Frantz Fanon est né à Fort-de-France (Martinique) en 1925. Au lycée dans cette ville, il décide de s’engager, en 1943, dans l’Armée française de la Libération. Il combat sous le commandement du général de Lattre de Tassigny. Blessé dans les Vosges, il est envoyé par la suite en Algérie. Son expérience sous les drapeaux le confronte à la discrimination mais aussi au racisme intrinsèque de la société coloniale. À la Libération, il passe son baccalauréat à la Martinique et obtient une bourse, qui lui permet de poursuivre des études de médecine en France. Il devient psychiatre. Fondamentalement anticolonialistes, les écrits de Frantz Fanon, proche du Parti communiste, dénoncent la dépersonnalisation à l’œuvre dans le fait colonial, qui infantilise, opprime et aliène le colonisé. Ils décrient aussi, avec minutie, ses effets psychologiques pour le colon. Dès le début de la guerre d’Algérie, Fanon s’engage aux côtés de la résistance nationaliste ; il rejoint par la suite le FLN. Il meurt d’une leucémie en 1961, à l’âge de 36 ans, dans un hôpital militaire de Washington.
Frantz Fanon est devenu un maître à penser pour de nombreux intellectuels et mouvements d’émancipation, passés et actuels. Dans ce court extrait de Peau noir, masques blancs (Paris, Éditions du Seuil, 1952, rééd. 2011), il explique ce qui rapproche l’expérience des juifs et des noirs, « frères de malheur ».
« C’est au nom de la tradition que les antisémites valorisent leur « point de vue ». C’est au nom de la tradition, de ce long passé d’histoire, de cette parenté sanguine avec Pascal et Descartes, qu’on dit aux Juifs : vous ne sauriez trouver place dans la communauté. Dernièrement, un de ces bons Français déclarait, dans un train où j’avais pris place : « Que les vertus vraiment françaises subsistent, et la race est sauvée ! À l’heure actuelle, il faut réaliser l’Union nationale. Plus de luttes intestines ! Face aux étrangers (et, se tournant vers mon coin, quels qu’ils soient. »

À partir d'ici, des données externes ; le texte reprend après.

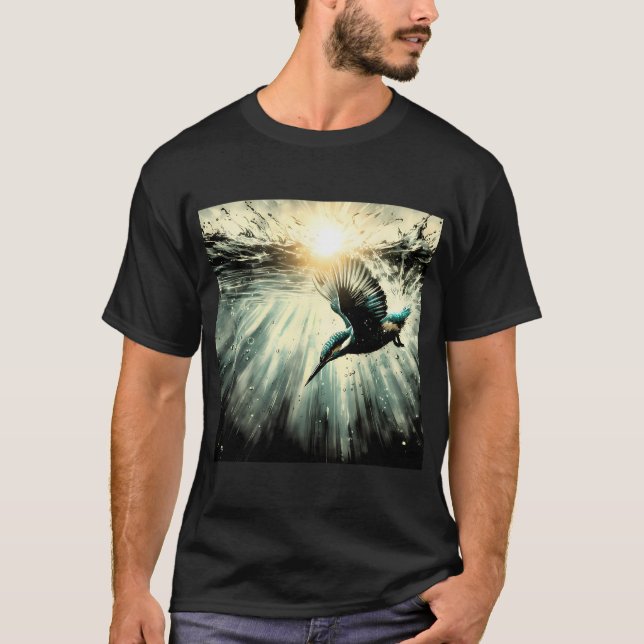 Eisvogel, KI-generierte Kunst T-Shirt (Vorderseite)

Il faut dire à sa décharge qu’il puait le gros rouge ; s’il l’avait pu, il m’aurait dit que mon sang d’esclave libéré n’était pas capable de s’affoler au nom de Villon ou de Taine.
Une honte !
Le Juif et moi : non content de me racialiser, par un coup heureux du sort, je m’humanisais. Je rejoignais le Juif, frères de malheur.
Une honte !
De prime abord, il peut sembler étonnant que l’attitude de l’antisémite s’apparente à celle du négrophobe. C’est mon professeur de philosophie, d’origine antillaise, qui me le rappelait un jour : « Quand vous entendez dire du mal des Juifs, dressez l’oreille, on parle de vous. » Et je pensais qu’il avait raison universellement, entendant par-là que j’étais responsable dans mon corps et dans mon âme, du sort réservé à mon frère. Depuis lors, j’ai compris qu’il voulait tout simplement dire : un antisémite est forcément négrophobe. »
Je suis juive et profondément convaincue que tous les antisémites sont négrophobes et vice versa.